Task details
Starting with the line below that holds "In Shadow of" and stopping after the line that holds "So you can do", transcribe the lines exactly, leaving out all pictures.

[Saved data entries]
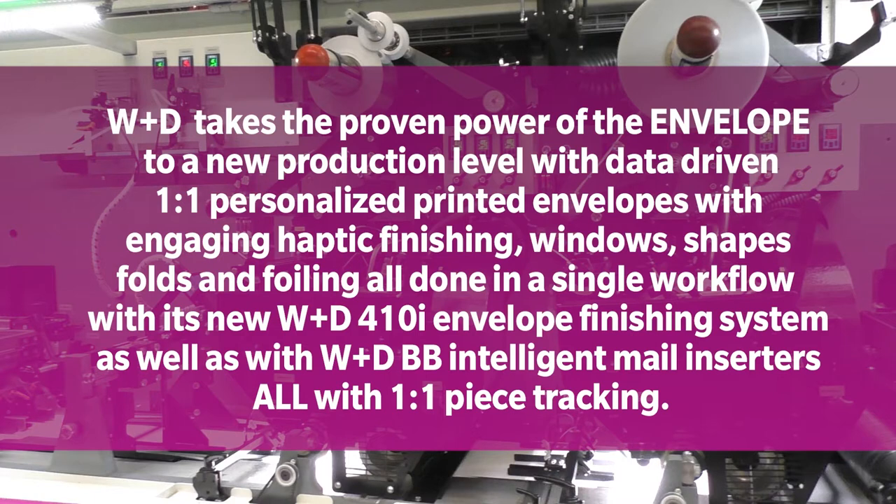This extraordinary leap forward in mailing innovation is accomplished with the new W&D 410i envelope finishing system and the W&D new BB Intelligent Mail Inserters. These high-impact decorated mail pieces can all be generated with one-to-one individual mail piece tracking barcodes.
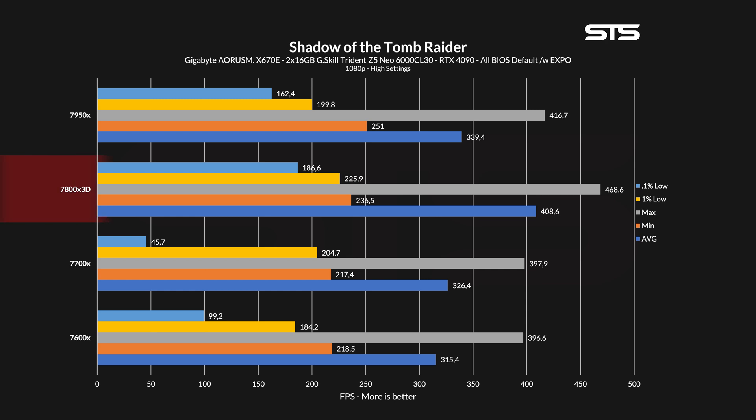In Shadow of the Tomb Raider, the tables really changed. Across average, min, max, 1% low, and 0.1% low, the 7800X3D beats both the 7600X and 7700X. On average, the 7800X3D pushed over 400 FPS — that's more than 80 FPS more than the 7700X. The 1% lows were not quite as far apart, but a 20 FPS gain is nothing to ignore.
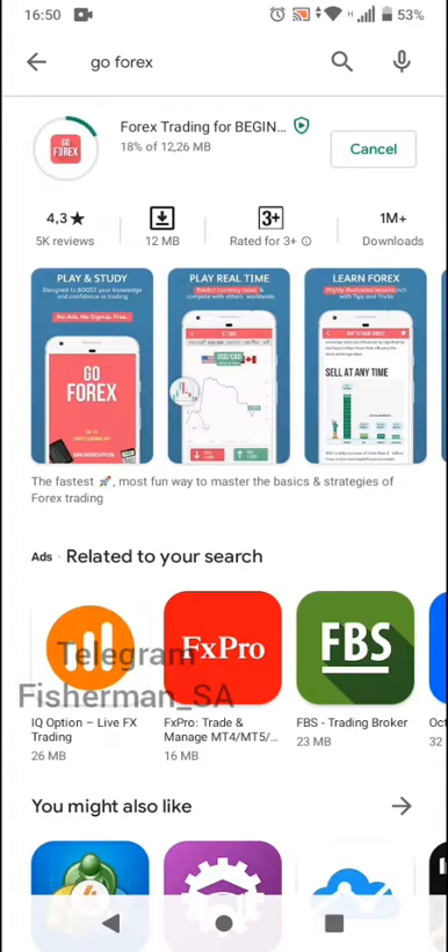Whatever you are seeking to learn and whatever you are seeking to know about Forex as a beginner, this for me is the best place to start — the GoForex24 learning app for beginners.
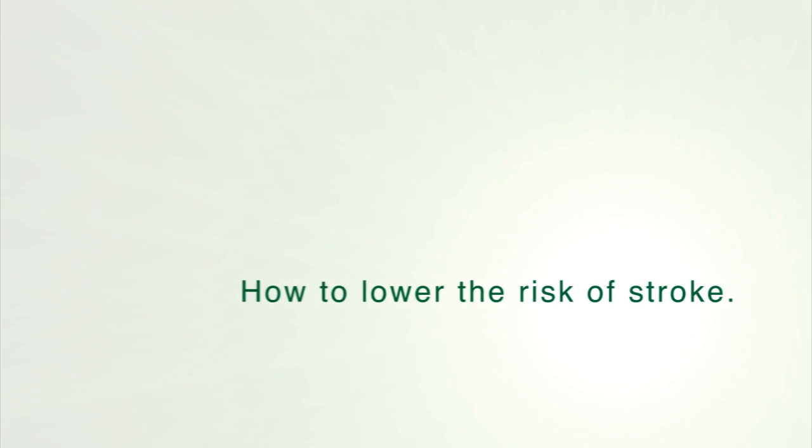Some of the things a person can do to help lower their risk of having a stroke include making sure that blood pressure and cholesterol are managed appropriately. Living a healthy lifestyle — exercise and diet — are obviously important, and things as simple as aspirin can really be beneficial in helping prevent stroke.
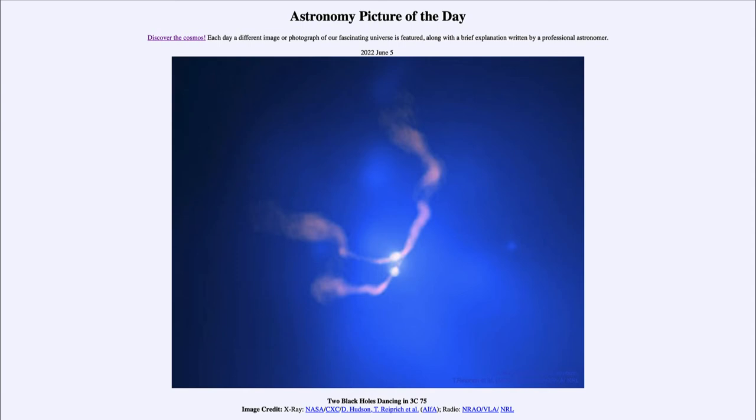Here we actually see two of them — two black holes — and we can determine that they are actually bound together in an orbit. This could likely be because of two galaxies that combined. So we're looking at two galaxies combined together in the central regions, and their cores are now in the process of combining as well.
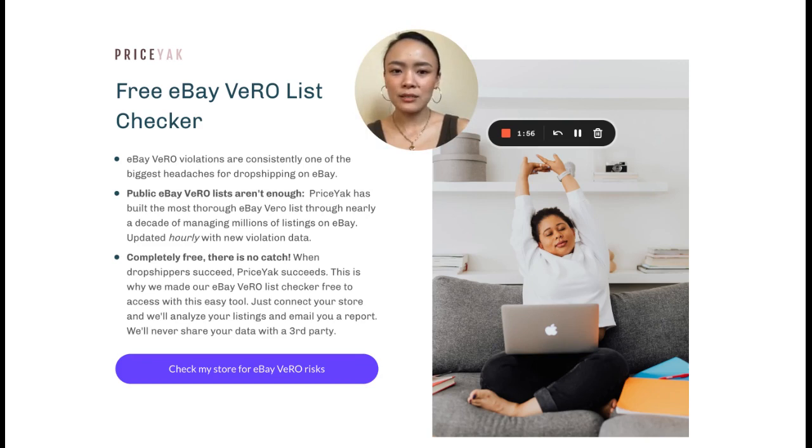So you can do the high-level things and make profit. This is just one component of Priceyak that we've broken off so that people can use it more simply and access it, because through a lot of talking to our customers, they've expressed that eBay Vero is one of the hardest things about dropshipping on eBay. It's one of the things that keeps them up at night. So we realized this will help more and more dropshippers, even if they're not using Priceyak.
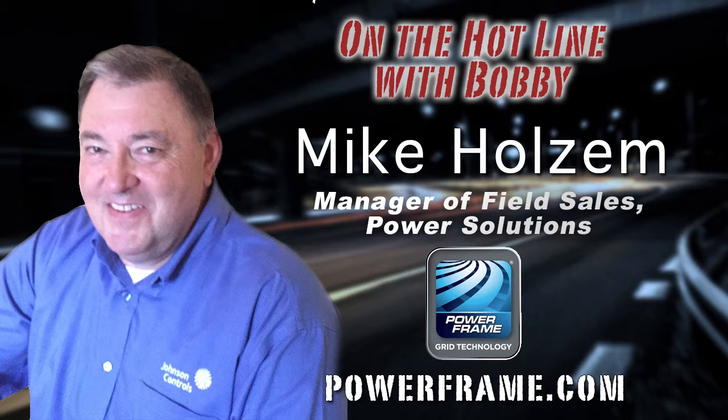How long has PowerFrame grid technology been available in consumer vehicle batteries? PowerFrame technology has been around for over 15 years, developed through a lot of field testing using taxicab fleets in Las Vegas. That real-life testing in a taxicab fleet gives you an accelerated look at the life expectancy and performance of the battery. It's basically been in production now for over 10 years in the aftermarket.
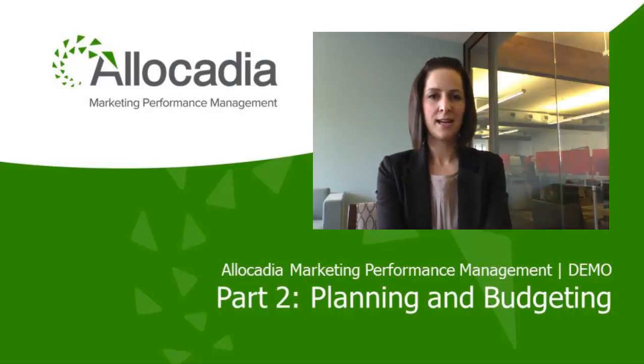Hello, my name is Katherine Berry. I'm Chief Product Officer and Co-Founder at Allocadia. This is part two of the Allocadia demo: Planning and Budgeting.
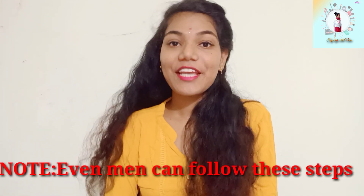Hi, hello, namaste! Welcome to my YouTube channel Fly High with Neha. Today I am going to share some DIY hacks for your skincare routine. Note: even men can follow these steps. Nowadays many people are suffering with acne problems.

Task result
In Shadow of the Tomb Raider, the tables really changed. Across average, min, max, 1% low, and 0.1% low, the 7800X3D beats both the 7600X and 7700X. On average, the 7800X3D pushed over 400 FPS — that's more than 80 FPS more than the 7700X. The 1% lows were not quite as far apart, but a 20 FPS gain is nothing to ignore.
Whatever you are seeking to learn and whatever you are seeking to know about Forex as a beginner, this for me is the best place to start — the GoForex24 learning app for beginners.
Some of the things a person can do to help lower their risk of having a stroke include making sure that blood pressure and cholesterol are managed appropriately. Living a healthy lifestyle — exercise and diet — are obviously important, and things as simple as aspirin can really be beneficial in helping prevent stroke.
Here we actually see two of them — two black holes — and we can determine that they are actually bound together in an orbit. This could likely be because of two galaxies that combined. So we're looking at two galaxies combined together in the central regions, and their cores are now in the process of combining as well.
So you can do the high-level things and make profit. This is just one component of Priceyak that we've broken off so that people can use it more simply and access it, because through a lot of talking to our customers, they've expressed that eBay Vero is one of the hardest things about dropshipping on eBay. It's one of the things that keeps them up at night. So we realized this will help more and more dropshippers, even if they're not using Priceyak.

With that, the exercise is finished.